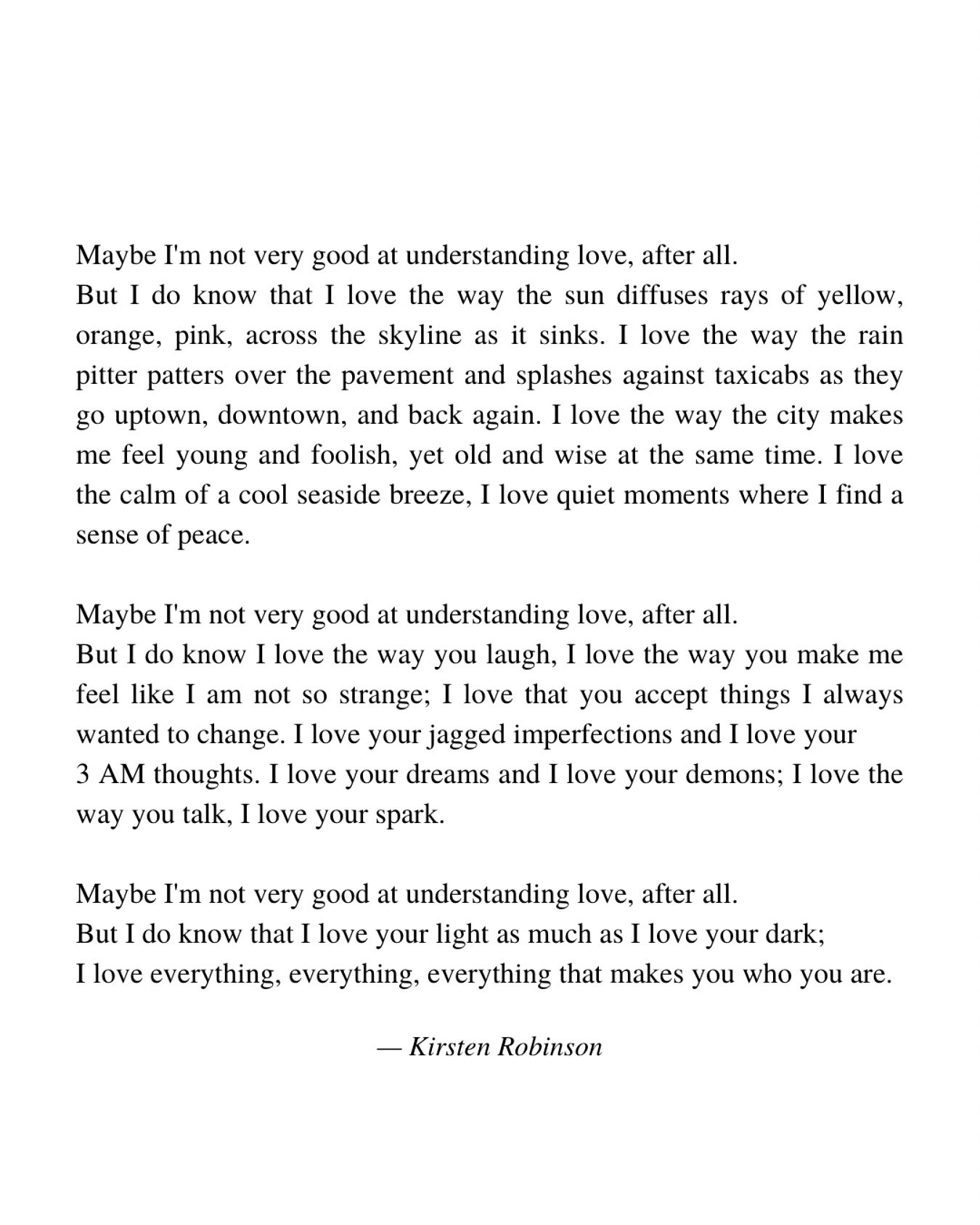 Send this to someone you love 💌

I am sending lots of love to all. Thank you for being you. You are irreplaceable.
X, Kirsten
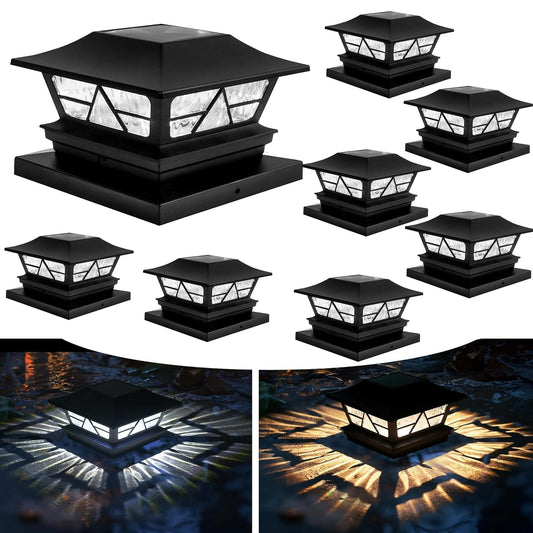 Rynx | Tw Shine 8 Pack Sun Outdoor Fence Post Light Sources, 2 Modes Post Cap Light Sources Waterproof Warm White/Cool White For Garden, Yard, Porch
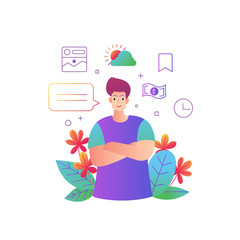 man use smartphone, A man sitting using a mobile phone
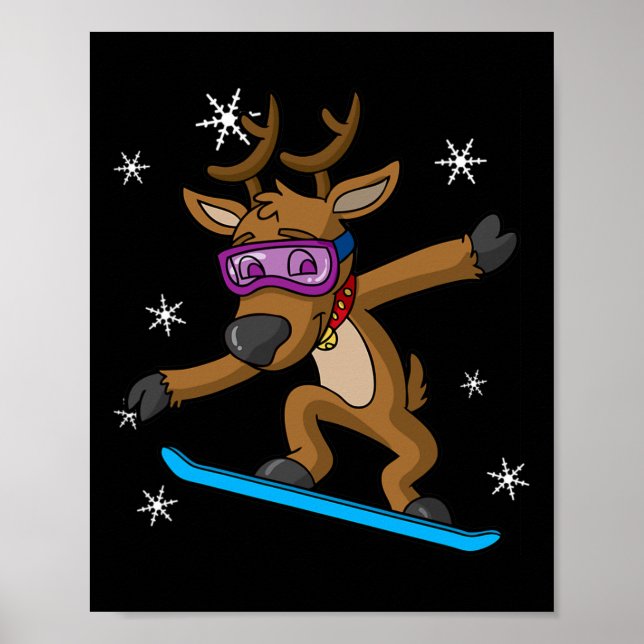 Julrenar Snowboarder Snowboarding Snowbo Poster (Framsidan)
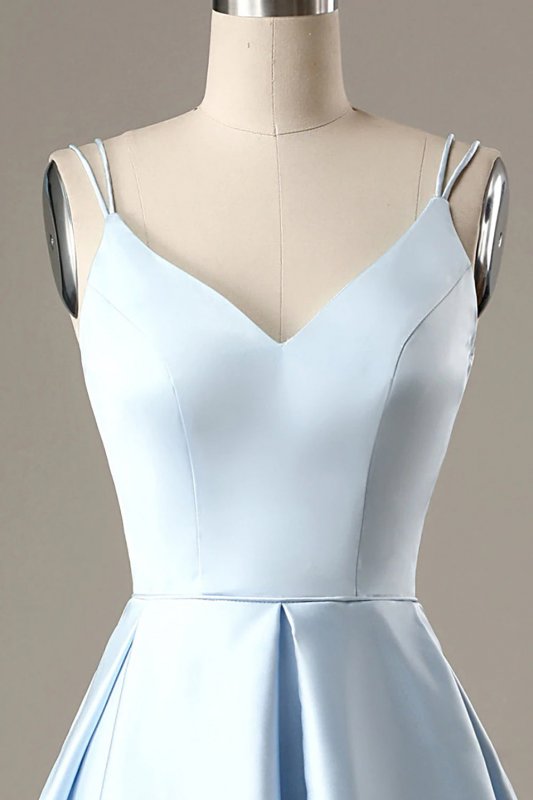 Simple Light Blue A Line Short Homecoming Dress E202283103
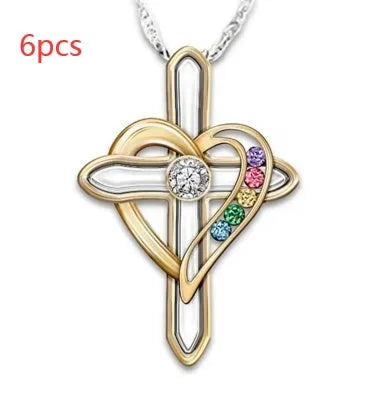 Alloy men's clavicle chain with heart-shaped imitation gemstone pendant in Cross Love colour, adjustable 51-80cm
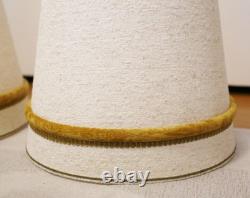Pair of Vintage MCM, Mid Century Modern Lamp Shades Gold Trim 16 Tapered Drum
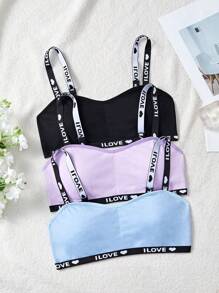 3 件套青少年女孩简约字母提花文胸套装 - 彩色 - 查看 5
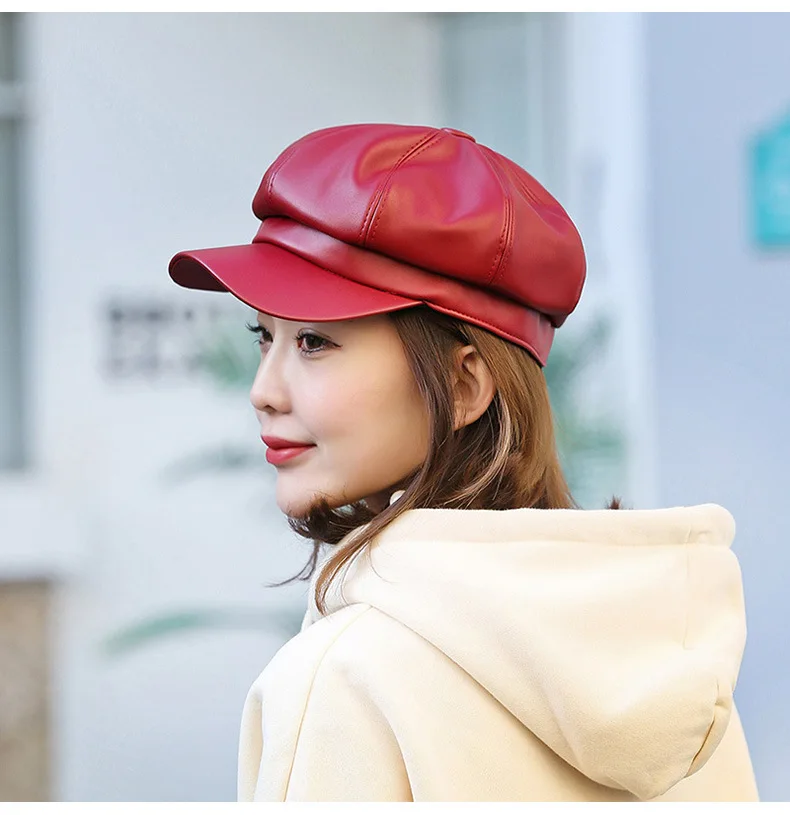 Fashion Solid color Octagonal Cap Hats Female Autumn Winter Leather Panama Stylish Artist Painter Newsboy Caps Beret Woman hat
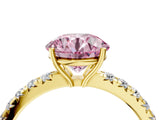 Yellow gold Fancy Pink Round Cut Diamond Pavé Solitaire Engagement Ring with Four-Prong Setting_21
--
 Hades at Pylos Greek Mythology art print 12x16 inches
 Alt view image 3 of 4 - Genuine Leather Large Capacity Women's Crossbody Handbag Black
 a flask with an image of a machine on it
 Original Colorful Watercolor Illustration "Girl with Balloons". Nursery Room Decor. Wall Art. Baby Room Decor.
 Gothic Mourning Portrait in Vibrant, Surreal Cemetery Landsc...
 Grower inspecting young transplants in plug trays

• [Work request] With the pictures omitted, copy the entries above exactly from the line containing "I am sending" through the line containing "Yellow gold Fancy", both lines included.

• [Finished task]
I am sending lots of love to all. Thank you for being you. You are irreplaceable.
X, Kirsten
 Rynx | Tw Shine 8 Pack Sun Outdoor Fence Post Light Sources, 2 Modes Post Cap Light Sources Waterproof Warm White/Cool White For Garden, Yard, Porch
 man use smartphone, A man sitting using a mobile phone
 Julrenar Snowboarder Snowboarding Snowbo Poster (Framsidan)
 Simple Light Blue A Line Short Homecoming Dress E202283103
 Alloy men's clavicle chain with heart-shaped imitation gemstone pendant in Cross Love colour, adjustable 51-80cm
Pair of Vintage MCM, Mid Century Modern Lamp Shades Gold Trim 16 Tapered Drum
 3 件套青少年女孩简约字母提花文胸套装 - 彩色 - 查看 5
 Fashion Solid color Octagonal Cap Hats Female Autumn Winter Leather Panama Stylish Artist Painter Newsboy Caps Beret Woman hat
 Yellow gold Fancy Pink Round Cut Diamond Pavé Solitaire Engagement Ring with Four-Prong Setting_21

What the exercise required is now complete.